As the calendar turned from 2018 over to 2019, I realized that I was entering my eleventh year as a cyclist. I began to think back upon all of my “firsts” and what I had learned through the thousands of miles ridden in my first decade of cycling.
In 2008 I bought my first road bike and rekindled a love of bikes that had been absent since I was about thirteen years old. I reentered the world of cycling with minimal knowledge of bikes or the true nature of the sport. When I first walked into a bike shop, I had never even heard of brands like Specialized, Giant, or Cervelo. I remember my dad and I asking our bike shop owner, as he sold us our first road bikes, why the bikes didn’t come with kickstands and if we could get them put on. I’m sure he found that question quite amusing, but he didn’t let on to that fact.
I remember my first experience with clipless pedals. I rolled my bike to the bottom of the driveway, grabbed onto my parent’s mailbox, clipped both feet in and then hung onto that mailbox for dear life, wondering what to do next. For some reason it didn’t occur to me that maybe I should just clip one foot in, start pedaling, and worry about clipping the other foot in later.
I reminisced about my first “real” bike ride. It was a relatively flat twenty-five miles which seemed to take hours upon hours and by the end of which I flopped on the kitchen floor and didn’t get up again for a good five to ten minutes due to sheer exhaustion.

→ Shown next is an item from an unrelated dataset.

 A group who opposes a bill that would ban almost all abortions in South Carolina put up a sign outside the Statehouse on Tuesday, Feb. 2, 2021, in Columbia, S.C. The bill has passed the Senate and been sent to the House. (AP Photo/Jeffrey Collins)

In 2009 I competed in my first triathlon. I thought I had trained sufficiently, but I was in over my head, almost literally. It was May and the water was so cold that it took my breath away. I somehow flailed, and dog paddled my way through the half mile swim leg, reached the transition and then developed a bad cramp in my calf as I tried to pull my wetsuit off. Feeling tired and frustrated I almost quit right then and there, but some words of encouragement from my dad, standing outside the transition area, convinced me to continue on. I finished the race and then swore that I never wanted to do a triathlon again. In spite of that first tough race, I continued on to compete in over fifty other triathlons, including half iron man races and national championships.
In 2011 I rode my first century. The day was blazingly hot and the ride was incredibly hilly, but it is still one of my fondest cycling memories. I never would have imagined after that first twenty five mile bike ride that a mere three years later, I would be out riding four times that distance on vastly more challenging terrain.

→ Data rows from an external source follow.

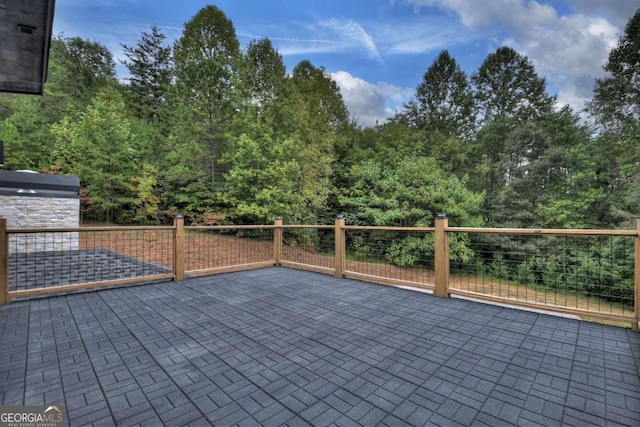 wooden terrace with a patio area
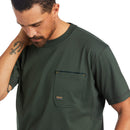 Ariat Men's Rebar short sleeve Workman T-Shirt in Deep Forest. Close up of left chest pocket showing Ariat logo. 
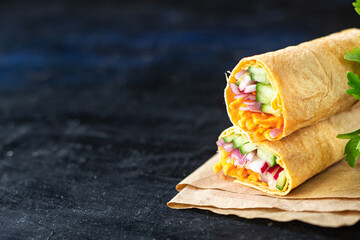shaurama doner kebab pita bread filling vegetables organic dish on the table healthy food meal...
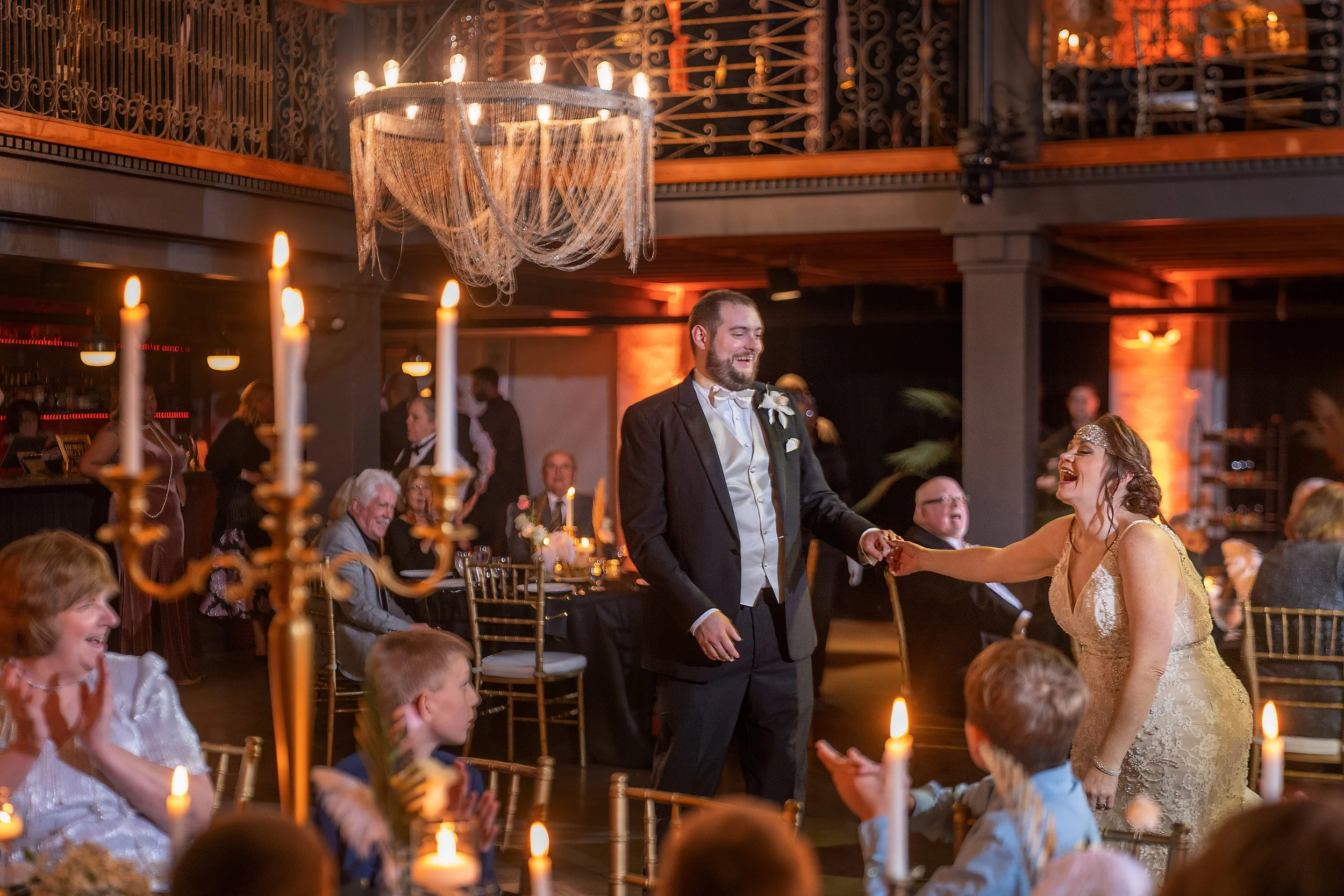 Bride and groom make their grand entrance into their wedding reception at Victory North in Savannah, Georgia during a joyful celebration photographed by Maring Visuals.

In the fall of 2012 I decided to make an effort to get more strong women together to ride. There were a few beginner women’s rides out there, but none that were aimed at more intermediate to advanced female riders. Through Strava I started to connect with stronger and more experienced local female cyclists and began to organize rides. The first couple of rides were small, with only four or five riders, but slowly they began to grow. Since then I have led rides of all different sizes and levels, on and off the road, and have met so many wonderful women who share my love of riding.
In 2013 I entered my first bike races; the first if which was a time trial. I was pretty clueless about TTs and as a result I didn’t warm up enough and then almost fell into the timing clock when released at the held start. Later that summer I entered my first road race. Without any real experience or guidance I did entirely too much work dragging riders from other teams around, but had a lot of fun doing it.
In 2015 I decided to give mountain biking a try. At first, I pretty much fell in to the dirt every ten minutes or so and walked the bike significantly more than I actually rode it. I quickly learned that mountain biking was much more about confidence and skill as compared to riding on the smooth pavement of the road. While even now I am far from being a pro in the woods, I am learning and improving every week, thanks, in part, to becoming a coach for our wonderful NICA youth team.. The fearlessness of the kids on our team inspires me and motivates me to want to be a better mountain biker.
I went from having one bike to having five for all different aspects of the sport.
I have ridden in the extreme heat, the extreme cold and even through an entire pregnancy. I have met tons of new people from all different walks of life, all with the same passion for the sport of cycling.
I still have so much more to learn and many more miles to ride, but I feel like I have come a long way from being the scared girl, hanging onto that mailbox with her feet clipped in, wondering why her bike didn’t have a kickstand.